I just do not have time to watch TV

That's all

I watch things online


----------



## TomParks (Dec 8, 2019)

I cut the cord and use antenna for locals and a smart tv to stream movies and other shows. Hallmark was never a favorite and way too many commercials. The queers are trying to take over


----------



## RetiredGySgt (Dec 8, 2019)

I watch Hallmark guess I will quit now.


----------



## Gracie (Dec 8, 2019)

No.
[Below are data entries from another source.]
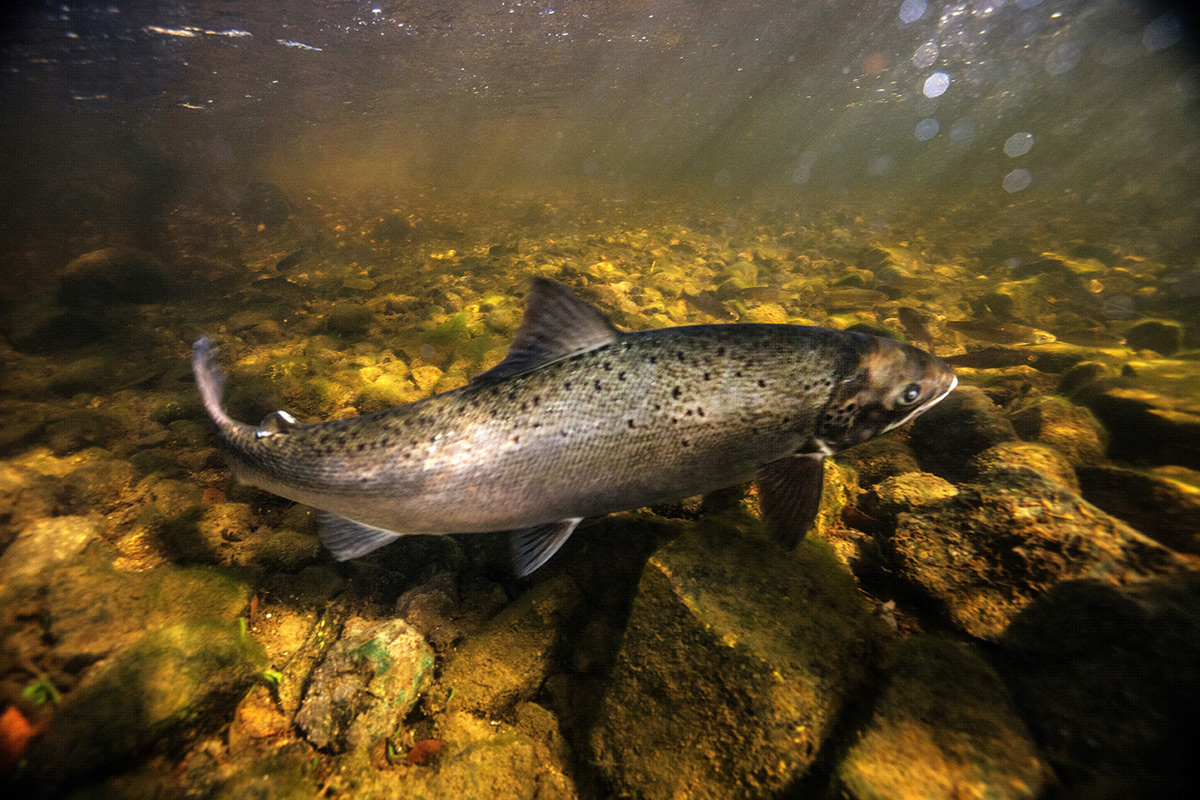 Atlantic Salmon swimming up a Downeast Maine river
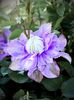 Clematis Diamantina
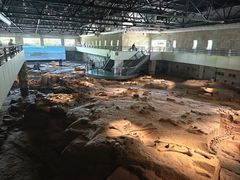 -自贡恐龙博物馆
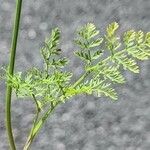 Caucalis platycarpos Likasa
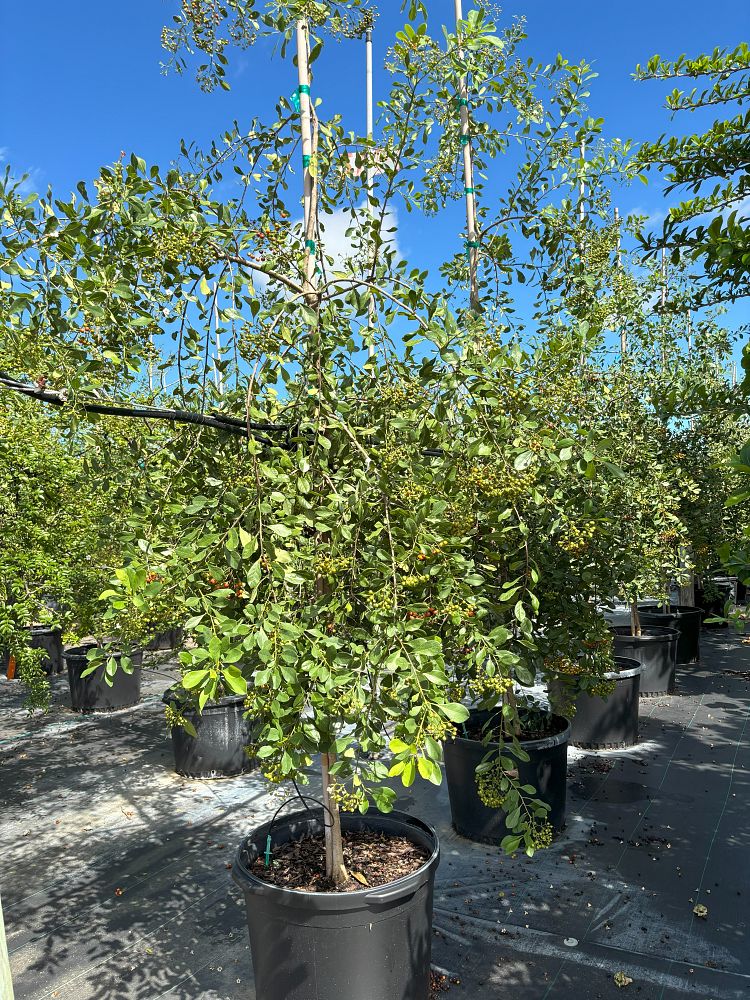 bourreria-succulenta-bahama-strongbark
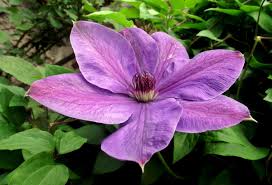 Klik hier en bestel snel mooie clematis voor uw tuin! Alles Wat Je Moet Weten Bij Het Aanplanten Van Clematissen De Tuinen Van Appeltern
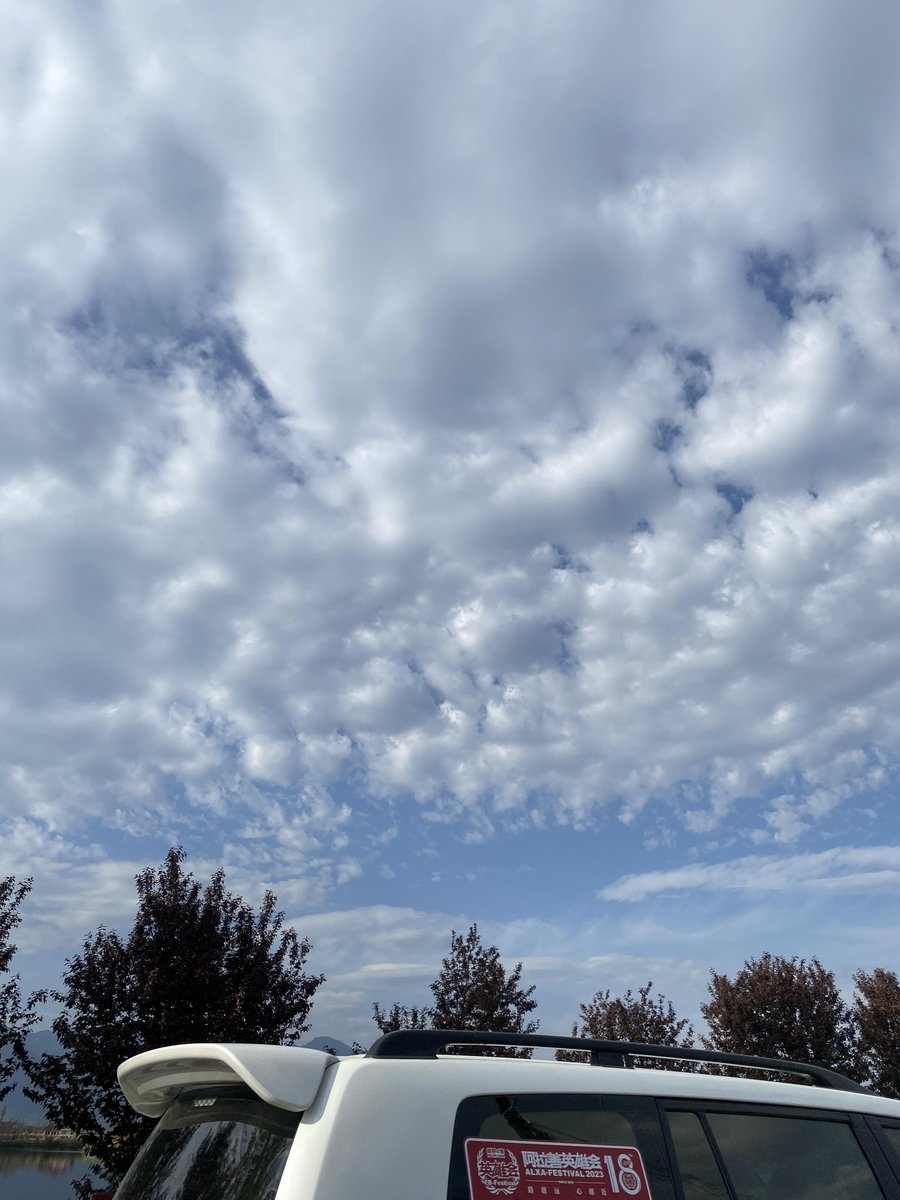 Edrisbrookpuyq's tweet photo. [空を仰ぐと、小さな青い円がポツンと浮かんでた。季節のはじまりの小さな幸せ。]， https://t.co/ovxVWuVaJc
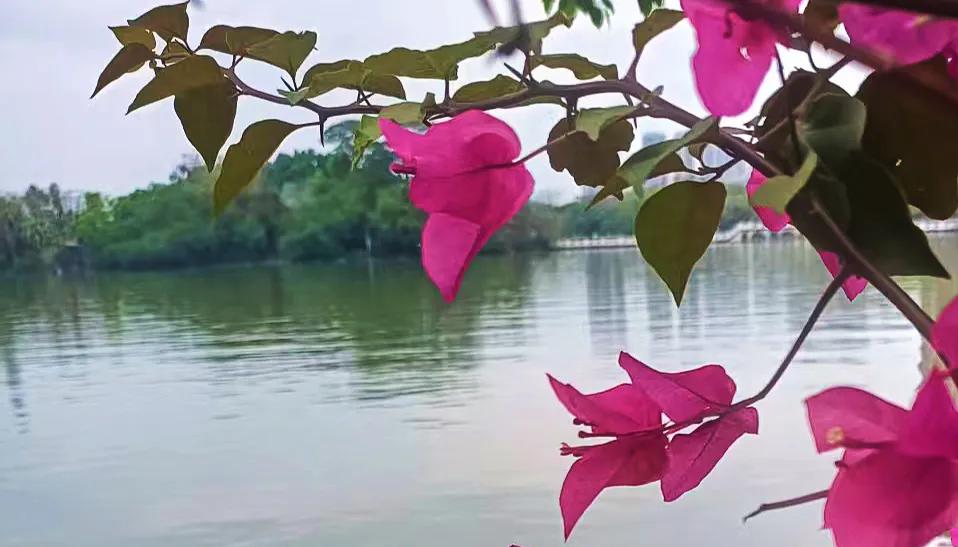 红花映碧水，静谧入诗行。绿水泛波春正浓 轻舟泛处烟霞绕 绿水藴诗心 花畔山景照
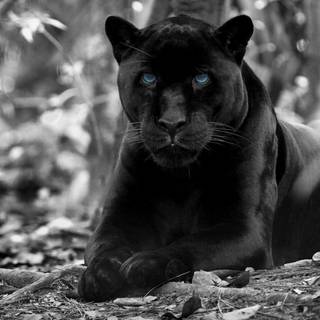Panther : Black&White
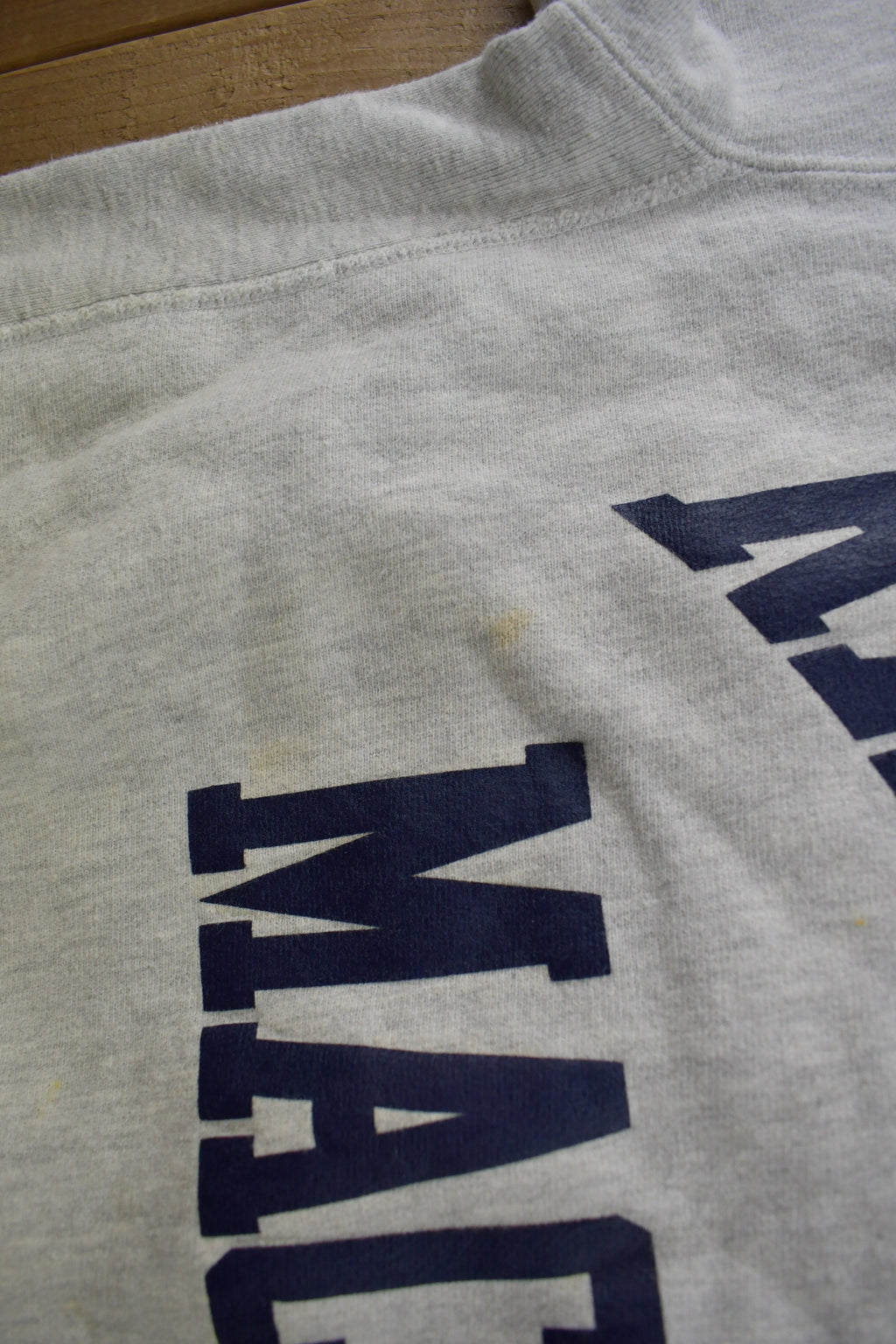 Vintage 1990s Randolph Macon College Collegiate Champion Reverse Weave Crewneck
I am not into chick flcky sobby romancey dorky movies.


----------



## buttercup (Dec 8, 2019)

I stopped watching TV a long time ago, BUT, when I am around a TV, I like the Hallmark movies, cheesy as they may be.  Like someone else said, they have always been more wholesome than the rest of the crap out there, so this is disappointing.


----------



## skye (Dec 8, 2019)

Same with the Netflix shit owned by the Obamas....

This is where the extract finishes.